Ideally, you will download this dataset once and store it as `data/maps`. If you're running on colab, it's a good idea to download it once to your personal machine (it's only 240 MB) and then upload it to your colab space when you start a new notebook.

In [None]:
import sys
sys.path.append('./DiffusionFastForward/')

import torch
import torch.nn.functional as F
import torchvision
import torchvision.transforms as T
from torchvision.transforms import ToTensor
from torch.utils.data import Dataset
import pytorch_lightning as pl

import numpy as np
import matplotlib as mpl
import matplotlib.pyplot as plt
import imageio
from skimage import io
import os

from src import *

mpl.rcParams['figure.figsize'] = (8, 8)

In [None]:
import kornia
from kornia.utils import image_to_tensor
import kornia.augmentation as KA

class SimpleImageDataset(Dataset):
    """Dataset returning images in a folder."""

    def __init__(self,
                 root_dir,
                 transforms=None,
                 paired=True,
                 return_pair=False):
        self.root_dir = root_dir
        self.transforms = transforms
        self.paired=paired
        self.return_pair=return_pair
        
        # set up transforms
        if self.transforms is not None:
            if self.paired:
                data_keys=2*['input']
            else:
                data_keys=['input']

            self.input_T=KA.container.AugmentationSequential(
                *self.transforms,
                data_keys=data_keys,
                same_on_batch=False
            )   
        
        # check files
        supported_formats=['webp','jpg']        
        self.files=[el for el in os.listdir(self.root_dir) if el.split('.')[-1] in supported_formats]

    def __len__(self):
        return len(self.files)

    def __getitem__(self, idx):
        if torch.is_tensor(idx):
            idx = idx.tolist()            

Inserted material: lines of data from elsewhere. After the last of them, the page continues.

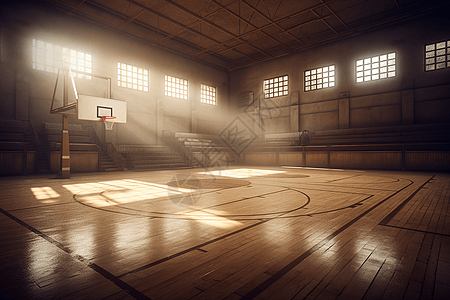 篮球场的建筑3D设计图图片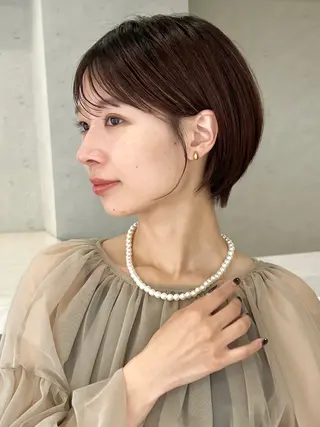 ショート 年齢悩みを全て解消/ 白髪と癖毛 松本雄光のヘアスタイル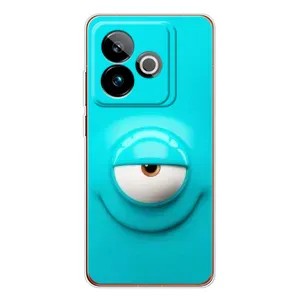 Чохли (ТПУ) (смішні стікери) для Realme GT 7 (Одноглазик)
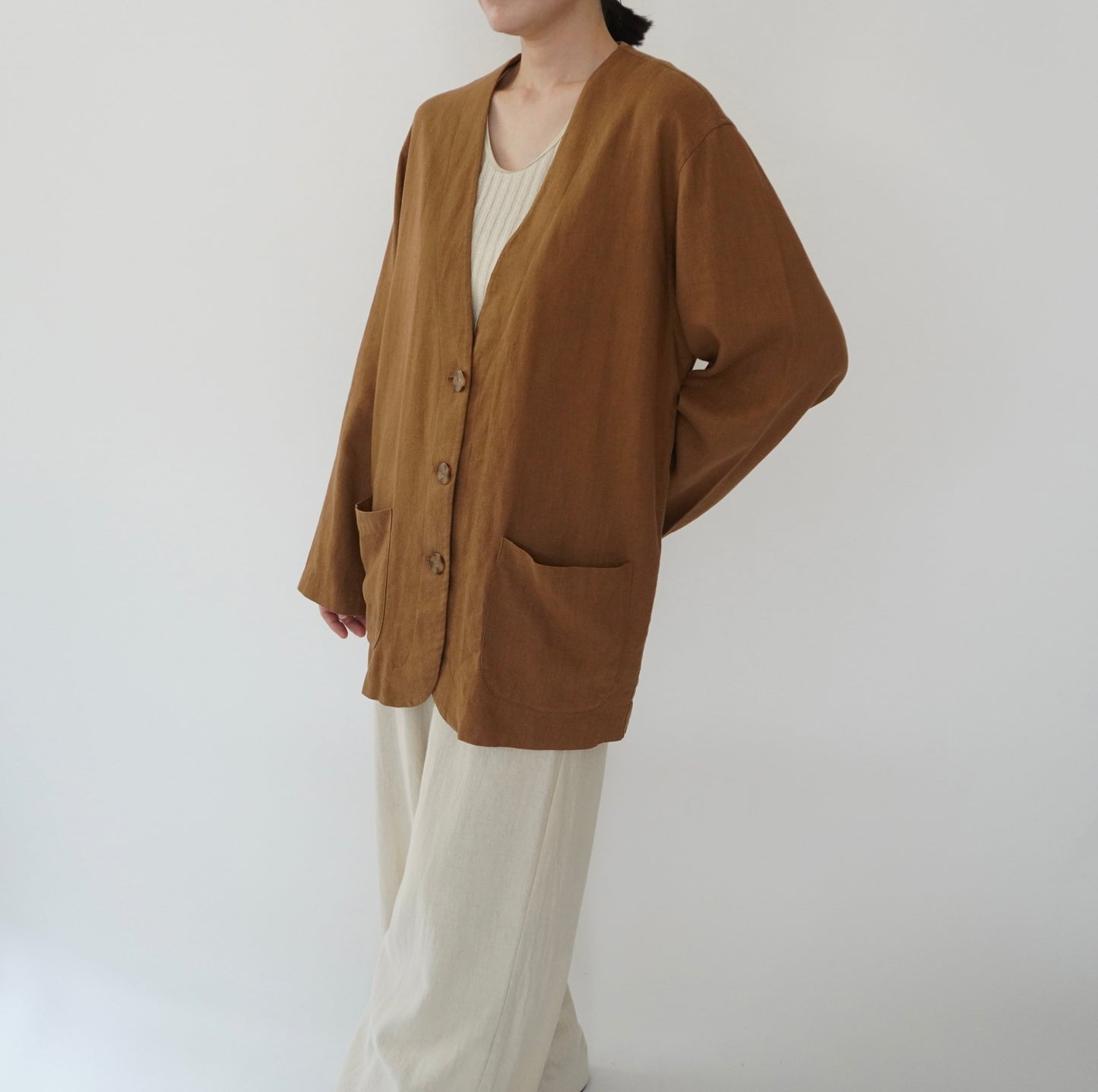 90s Design Linen Jacket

        img_name = os.path.join(self.root_dir,
                                self.files[idx])
        image = image_to_tensor(io.imread(img_name))/255

        if self.paired:
            c,h,w=image.shape
            slice=int(w/2)
            image2=image[:,:,slice:]
            image=image[:,:,:slice]
            if self.transforms is not None:
                out = self.input_T(image,image2)
                image=out[0][0]
                image2=out[1][0]
        elif self.transforms is not None:
            image = self.input_T(image)[0]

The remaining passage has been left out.